# George Carlin



## JakeRI (May 4, 2009)

so instead of practicing for my piano exam i ended up watching 2 hours of George Carlin.

I particularly liked this one



man was a genius. time well sent


----------



## Scar Symmetry (May 4, 2009)

interesting, George Carlin is basically me but... dead


----------



## JakeRI (May 4, 2009)

Scar Symmetry said:


> interesting, George Carlin is basically me but... dead



haha i know what you mean


----------



## Scar Symmetry (May 4, 2009)

there's never been a word George Carlin said on tape that I didn't agree with.


----------



## JakeRI (May 5, 2009)

Scar Symmetry said:


> there's never been a word George Carlin said on tape that I didn't agree with.



haha i know what you mean, i feel the same way. he is a genius


----------



## synrgy (May 5, 2009)

The man was simply brilliant. I don't usually care when celebrities kick the bucket, but I still feel quite sad every time I think about him not being around any more.

I had the distinct pleasure of seeing him live @ the Kennedy Center in 1993, (for my 13th birthday!!) when he was arguably in his prime.


----------



## JakeRI (May 5, 2009)

synrgy said:


> The man was simply brilliant. I don't usually care when celebrities kick the bucket, but I still feel quite sad every time I think about him not being around any more.
> 
> I had the distinct pleasure of seeing him live @ the Kennedy Center in 1993, (for my 13th birthday!!) when he was arguably in his prime.



he had a 40 year "prime" haha


----------



## synrgy (May 5, 2009)

JakeRI said:


> he had a 40 year "prime" haha



Totally.

I only said it the way I did because I noticed somewhere over the last 3-4 years that he was still touring that he had _finally_ lost a little bit of his mojo -- looked a little tired, a little slow. His last HBO special was where I think I noticed it first. 

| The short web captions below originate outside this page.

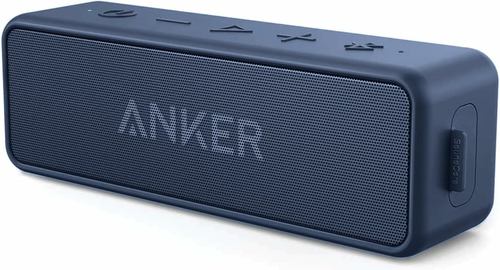 Anker Soundcore 2 - głośnik Bluetooth IPX7, 24h, granatowy
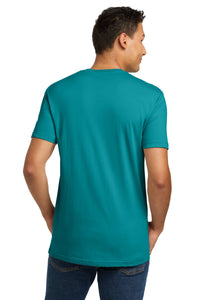 Next Level Apparel Adult Cotton Tee - Teal Back
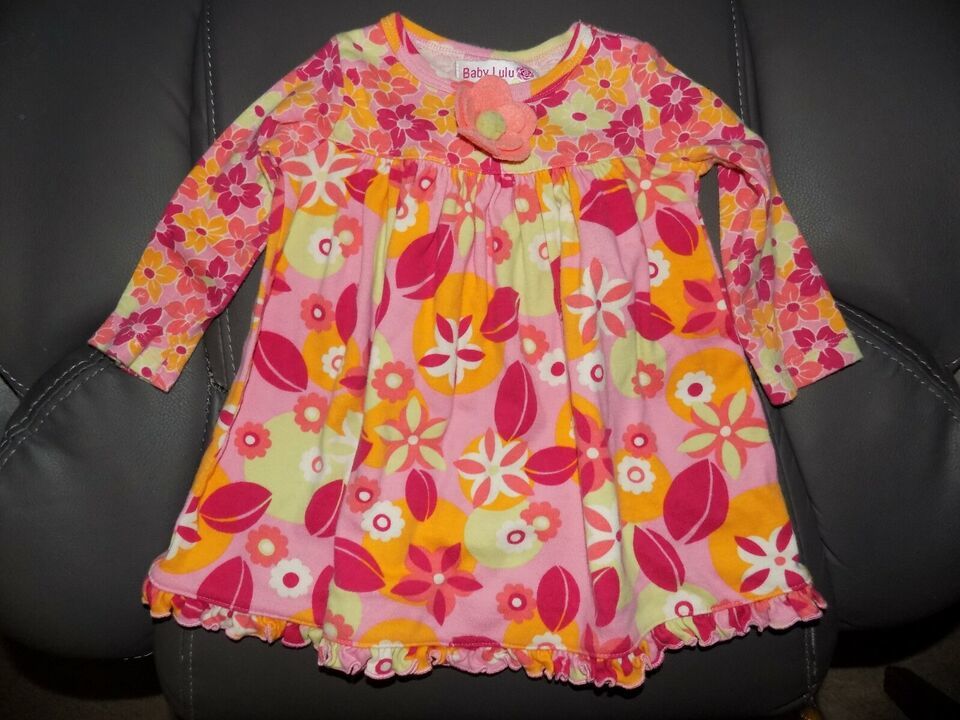 BABY LULU BY ERIN MURPHY MULTI-COLORED  FLORAL DRESS SIZE 6 MONTHS GIRL'S EUC - $18.50
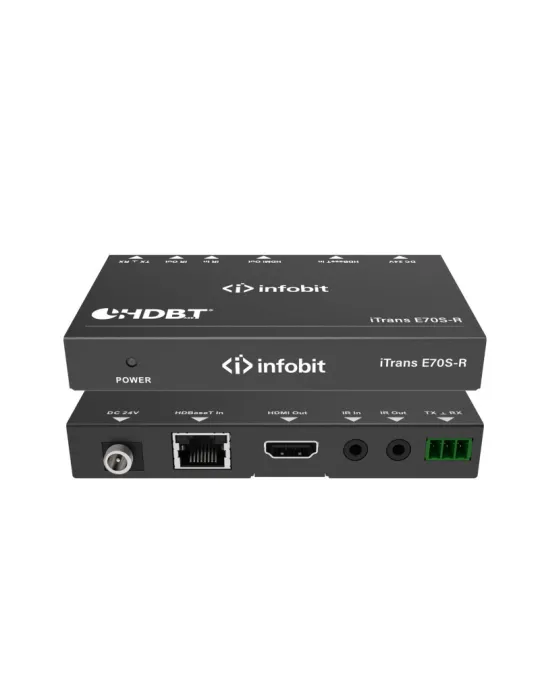 INFOBIT iTRANSE70S Kit d'extension HDMI 4K HDBaseT Infobit iTrans E70S
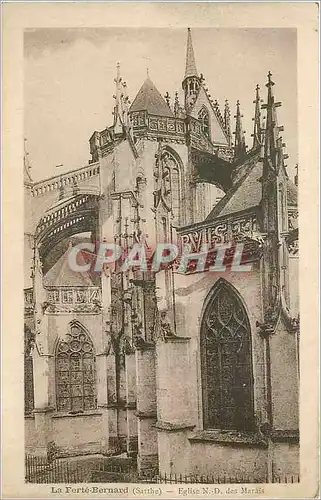 Cartes postales La Ferte-Bernard Sarthe Eglise Notre-Dame des Marais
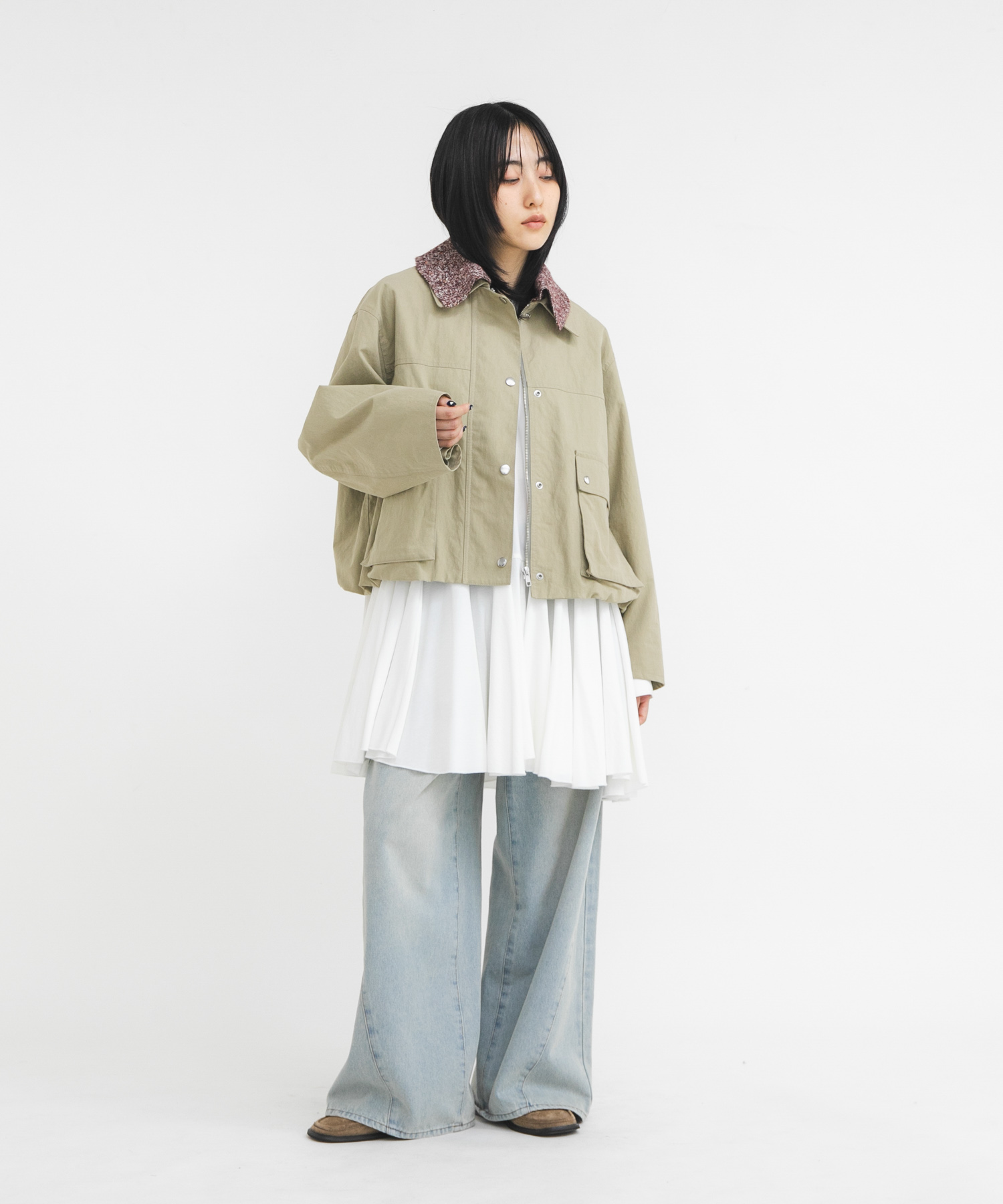 身長：160cm サイズ：one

*edit* I just got through the video you posted. I can't believe they made it through that taping without somebody throwing shit at the guy sitting to George's left. People like that make me ashamed to be part of this species.


----------



## Scar Symmetry (May 5, 2009)

yeah the guy who gets cut up about what George says is a total pussy hahaha


----------



## JakeRI (May 5, 2009)

republicans haha. i love this one too. At first i was like "he's an idiot" but at the end i was like "jesus! he's right"


----------



## cyberwaste6996 (May 5, 2009)

One of my biggest regrets is that I never got to see him live...I watched some of his hbo specials shortly after he died and they seemed funnier...I guess I have more appretiation for his work.


----------



## jaredowty (May 14, 2009)

I love George Carlin, rational and hilarious, it was sad to see him go. Bill Maher is the shit too.


----------



## JakeRI (May 17, 2009)

jaredowty said:


> I love George Carlin, rational and hilarious, it was sad to see him go. Bill Maher is the shit too.



bill maher is the shit 50% of the time IMO. he can be a complete idiot some times


----------



## Triple7 (Jun 10, 2009)

I have been a Carlin fan for years, that dude was fucking genius! I wish he was still around man.


----------



## liamliam666 (Mar 9, 2010)

i can't even put into words how much this guy means to me man, man the guy is a pure legend. There is nothing i disagree with on any of his shows.

True, true inspiration.

R.I.P


----------



## Scar Symmetry (Mar 9, 2010)

JakeRI said:


> republicans haha. i love this one too. At first i was like "he's an idiot" but at the end i was like "jesus! he's right"




300% true.


----------



## Winspear (Mar 9, 2010)

I'm not really a stand up guy at all, but I did spend a whole day watching this guy on Youtube a year ago and loved every minute of it, so I guess it's fair to say he is my favourite comedian.


----------



## TaronKeim (Mar 9, 2010)

Saving the Planet and his allusion to A.I.D.S being a "human cleansing" tactic is f*cking brilliant.

I wept the day Carlin died and watch his material on a weekly basis. Him and Bill Hicks were in a league of their own.

_TJK*


----------